Литмир - Электронная Библиотека

Леонид Павлович на правах хозяина взялся за заброшенное хозяйство. Покойный старик Данзас слыл не лучшим помещиком. Круг его интересов располагался в Петербурге и замыкался на циркулярах, делах сенатских, законах и указах. Имение существовало само по себе лишь благодаря некоторым стараниям жившего здесь управляющего, который скоропостижно скончался в прошлом году.

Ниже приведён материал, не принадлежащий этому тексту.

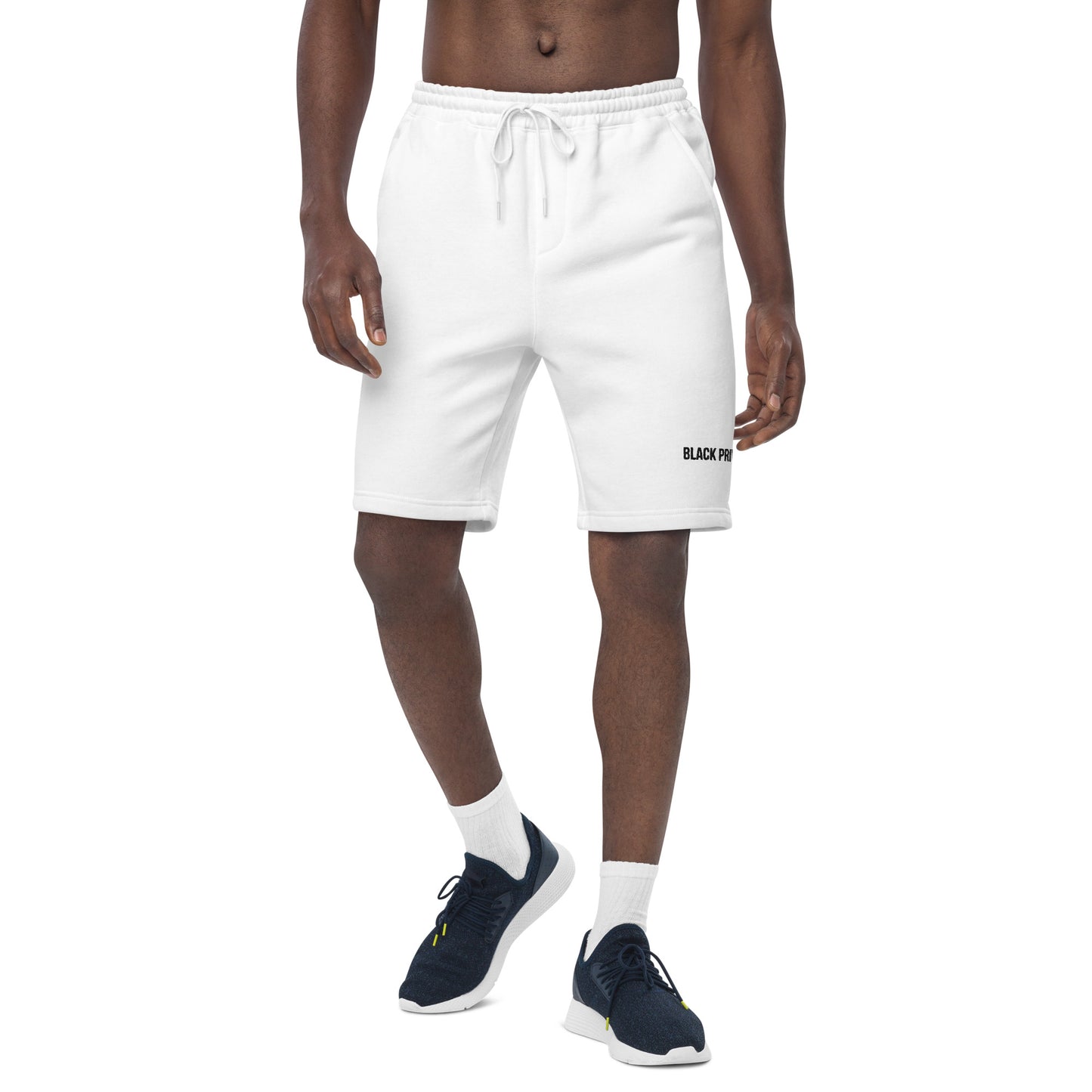 Black Privilege men's fleece shorts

Первым делом Лузгин перезнакомился со всеми местными крестьянами, получившими в округе наделы земли в пользование. Многие оказались мастеровитыми и охочими до денег. Чем ездить на заработки в столицу, так лучше за меньшие деньги, но дома подработать – в итоге-то на руках больше останется. Так Лузгин, которого местные прозвали «Палыч», нашёл себе и занятие, и круг общения, и прослыл человеком деятельным, смекалистым.

К середине лета адъютант с мужиками отремонтировали покосившуюся кузню, сложили новую печь, заказали из Петербурга новый инструмент и меха. Палыч с удовольствием стал в подмастерья к кузнецу Тимофею, и пошли по округе его подковы, да мелочь всякая, полезная в хозяйстве, – от гвоздей до петель.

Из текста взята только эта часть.